As I was leaving the jam-packed office, I saw another group of loitering students looking confused, tired, exhausted and frustrated. It was revealed that the candidates had been at the centre as early as 4.00 a.m to get enrolled but were left stranded due to poor network, faulty working tools, and power failure. Many of them complained of preferential treatment by officials of the commission, who allegedly attended to enrollees based on their relationships.

Exiting the compound was another tug of war. Already, the small gate that served as the entry point had almost become blocked because of the huge crowd, while the second gate had to be opened for me to move out. By the time I got out, the number of students struggling to move inside had almost doubled under the intense heat. My pity for the students increased as I was driving out of the street only to see many students still approaching the main road leading to the commission’s office. I left the place annoyed, sad and disappointed that fellow citizens’ time was being wasted while they were being subjected to unnecessary punishment; all in the name of obtaining a national identity card.
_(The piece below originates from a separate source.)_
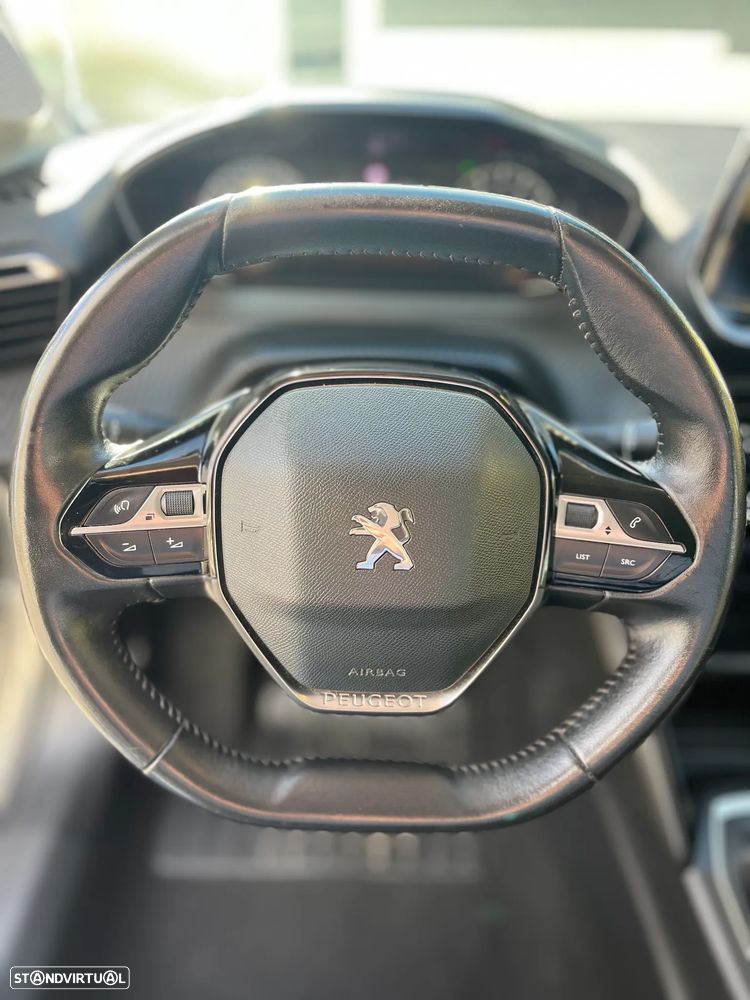 Peugeot 208 1.2 PureTech Active - 11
To begin with, why the sudden recognition and acceptability accorded the identity card? I remembered that about four years ago when I first obtained mine, the identity card was never officially recognised as a means of identification in banks and other places. I had to ask some stakeholders then that what had gone wrong with our institutions that they should reject what is supposed to be valid means of identification, just like the international passport, driver’s licence and voter’s card. For me, the national identity card should be accorded more credibility than the others. Suddenly, the disposition changed and hence, the sudden prominence and rush for the acquisition of NIMC cards said to have captured only about 37 million people, which is less than 20 percent of Nigerians. Out of this number, more than 700,000 cards are said to be uncollected. If due recognition had been accorded the identity card at its inception, the mad rush that we are seeing today would probably have been averted. This is the Gestapo manner that we usually run state affairs in the country.
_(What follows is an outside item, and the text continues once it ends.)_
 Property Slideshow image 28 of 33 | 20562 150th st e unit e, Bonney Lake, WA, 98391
As a way forward, NIMC would have to harmonise all existing databases sitting in silos into a single database, where information, data of individuals and companies operating in Nigeria, could be accessed. The National Identity Number, NIN, which is generated, is unique with social security numbers that can be used for health care, education, and pensions, among others. NIN ties together all records such as demographic data, fingerprints, head-to-shoulder facial pictures, biometric data, and digital signature. By an Executive Order signed by President Muhammadu Buhari, one cannot obtain a passport or driver’s licence without the National ID Card.

The Federal Government also approved September 16 of every year as National Identity Day, also called 16.9 and the Identity Day, ID-Day, to create more awareness and acceptability. To abate the continued punishment being meted out to innocent students, the activities of NIMC should be decentralised with immediate effect. More issuance and collection centres should be opened across the country such that students would no longer be made to suffer for the deficiencies of our public administrators. Students should be allowed to obtain identity cards at the point of purchase of the forms. There is a need for public-private partnerships in tackling this problem as NIMC could be seriously handicaped in carrying out its duties effectively and efficiently.

The current challenge being experienced is not limited to NIMC, as most state institutions in Nigeria provide poor services, lack the discipline to accord customers due respect and value for their hard-earned resources. This ugly trend has also crept into the business sectors such as banks, insurance, and manufacturing industries where people are treated shabbily. It is rather unfortunate that offices such as the Service Compact with All Nigerians, SERVICOM, and Consumer Protection Council, CPC, appear to have neglected the people and are not seen as doing enough to protect the people when it comes to quality service. For now, the burden placed on students should be removed.